I would like to save a class method and call it through an object.

Answer 1

Your first example (the one that does not work) can work only if you are referring to a static function because the static methods can be called without a calling object instance that corresponds in your case to (b.*(b._func))();

So, you can write :

class B {

public:
    typedef void (*function_type)(void);
    function_type _func;

    B() { cout << "B" << endl;}
    static void foo(){ cout << "B foo" << endl; }
};

int main()
{
    B b;
    b._func = &B::foo;
    (b._func) ();
}

Answer 2

There are two objects involved in calling your _func pointer. One is the object that the function should be applied to, and one is the object that holds the pointer. When you're inside a member function, the first one is implied; it's the internal this pointer. So (this->*_func)() calls the data member _func on the current object. When you're outside a member function you have to supply both objects:

(b.*b._func)();

The b on the left is like the this-> in the first version: it tells the compiler what object to apply the function too.

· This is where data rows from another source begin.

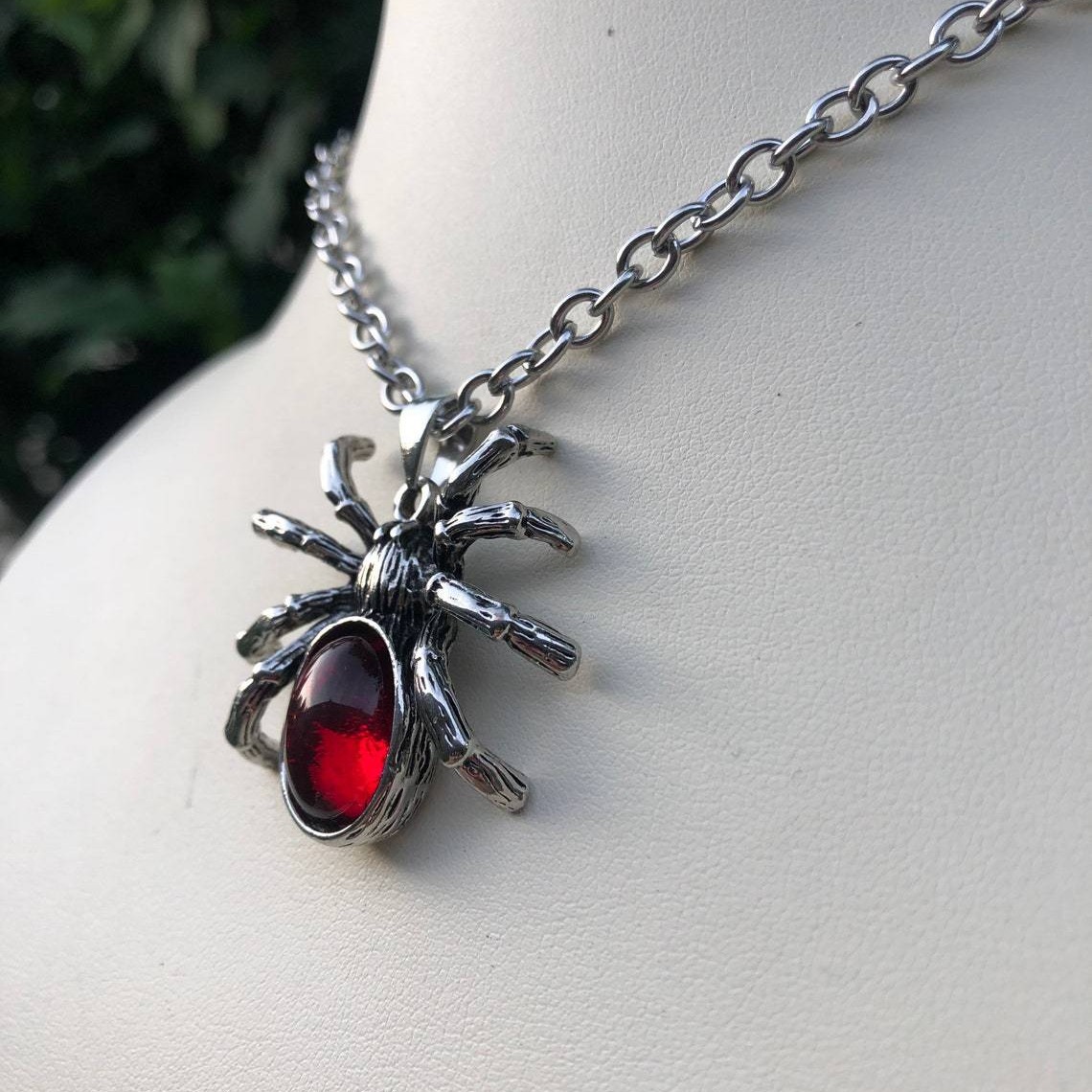 Wholesale Cross-border foreign trade Amazon Gothic Punk Red Crystal Cute Pendant Necklace Factory Direct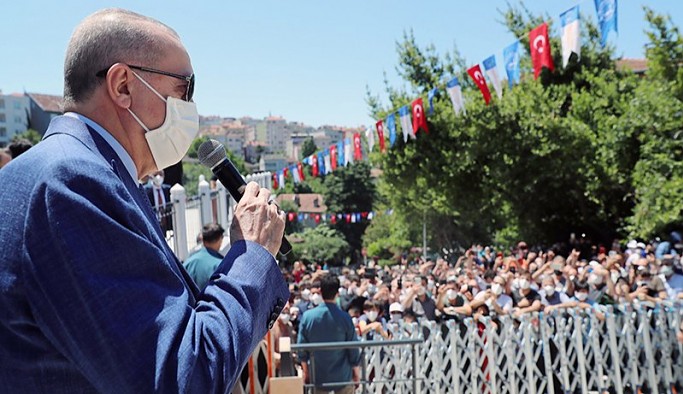 Erdoğan: Üsküdar Belediyesi önünde oturma eylemi yapın, sizin yanınızda yer alacağım
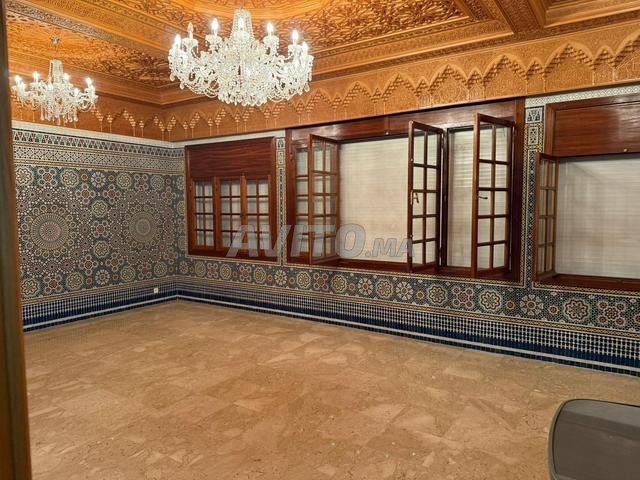 Villa 1800 m à Bir Kacem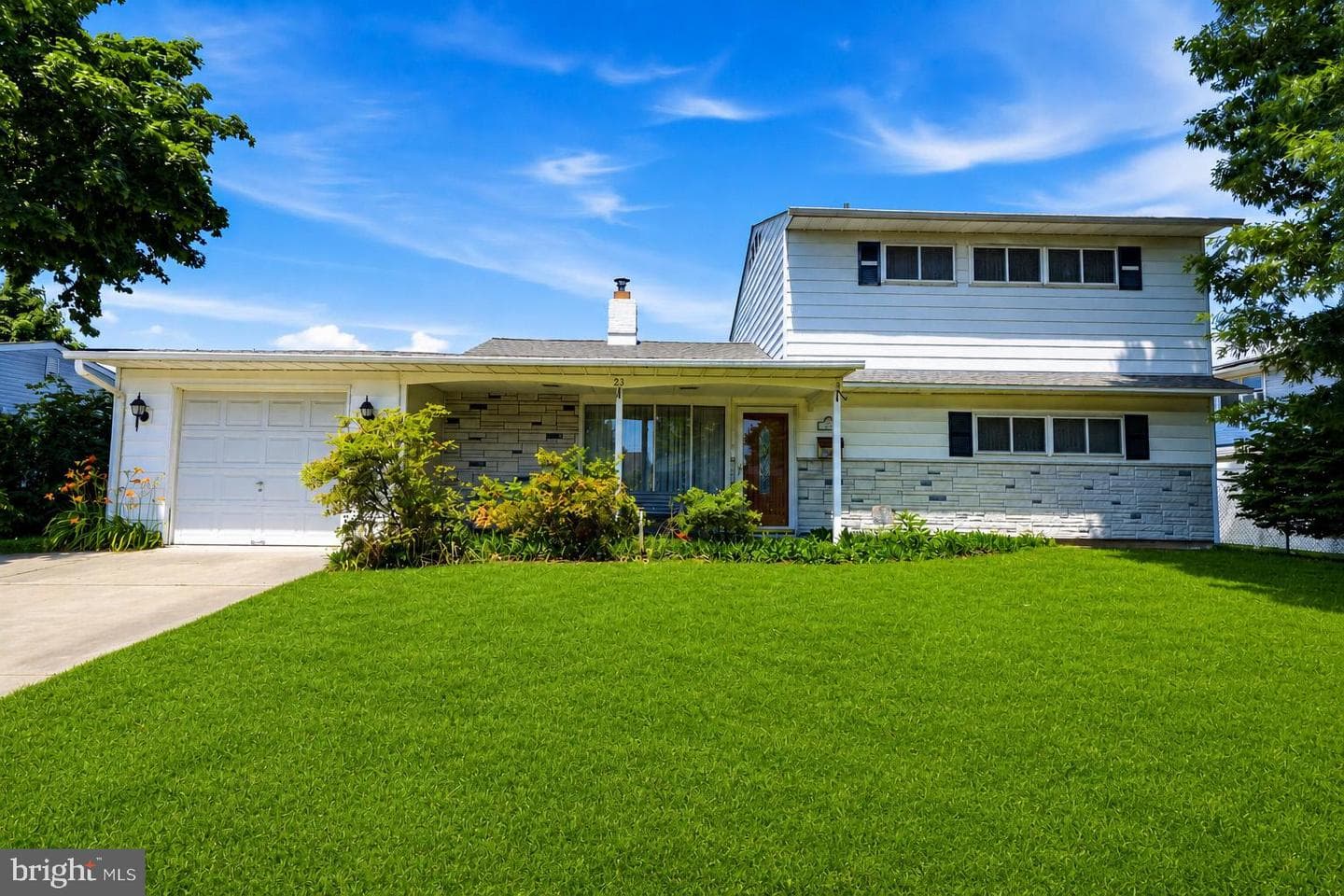 23 Shelter Lane, Levittown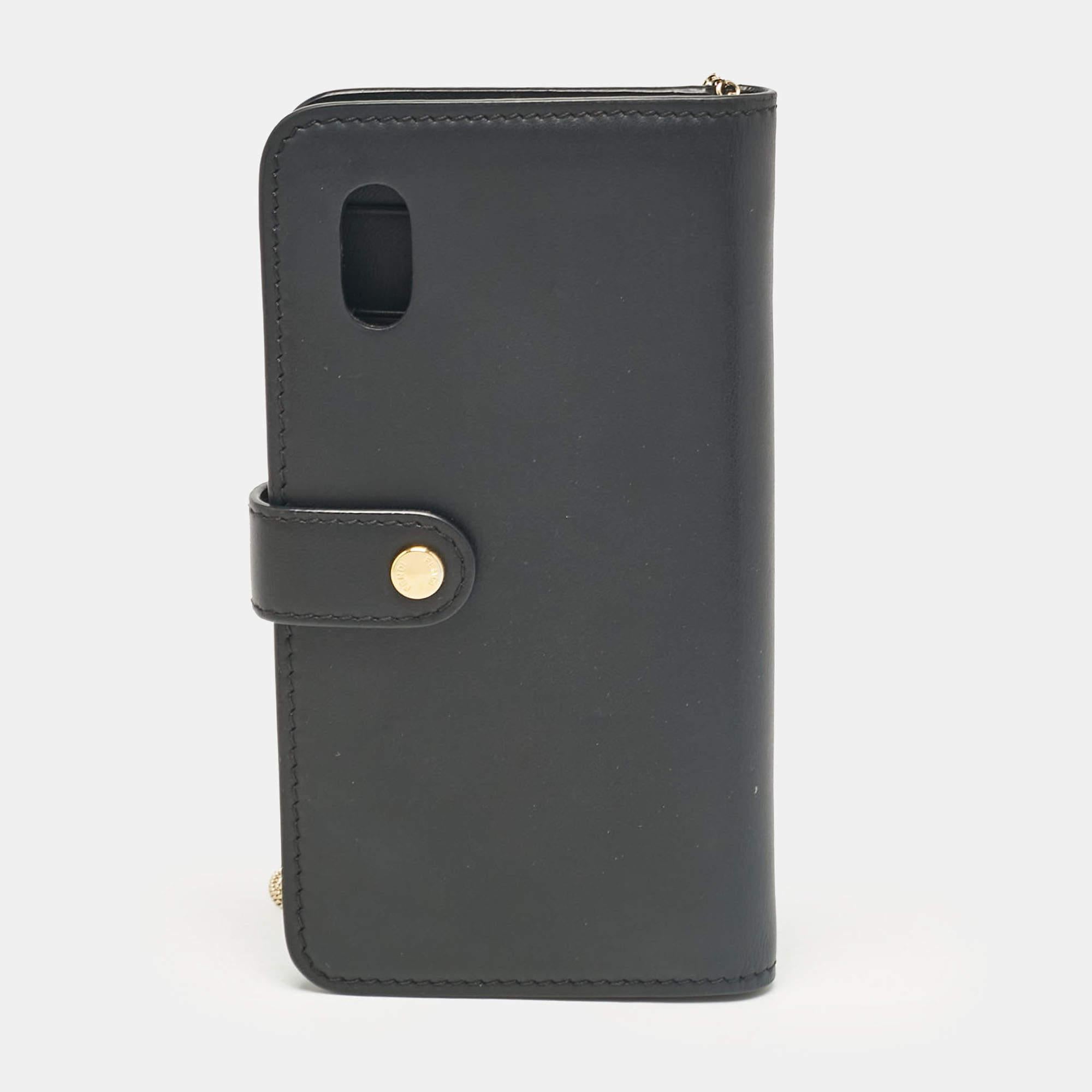 Fendi Black/Tobacco Leather Zucca Coated Canvas iPhone X Cover with Chain Strap In Good Condition For Sale In Dubai, Al Qouz 2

The second b is the object that holds the pointer.

If that's thoroughly confusing, change the situation a bit. Use two B objects and play with which one is which:

B b;
B b1;

(b.*b1.func)();
(b1.*b.func)();

Answer 3

It is possible. The syntax is a little bit scary though:

(b.*(b._func))();

Why is it like that? Well, first you need to refer to the data member _func of object b. That is b._func. Next you need to call that data member as a data function pointer which is the (b.*(..))() part.

I would suggest to simplify the calling side by creating a method that does the crazy call syntax stuff:

class B {
    // ...
    void call_me()
    {
        (this->*(_func))();
    }

};

b.call_me();

---

Some tips to improve:

Use using instead of typedef:

using function_type = void (B::*)(void);

And you don't need B::function_type. Just function_type is enough because you are inside the scope of the class.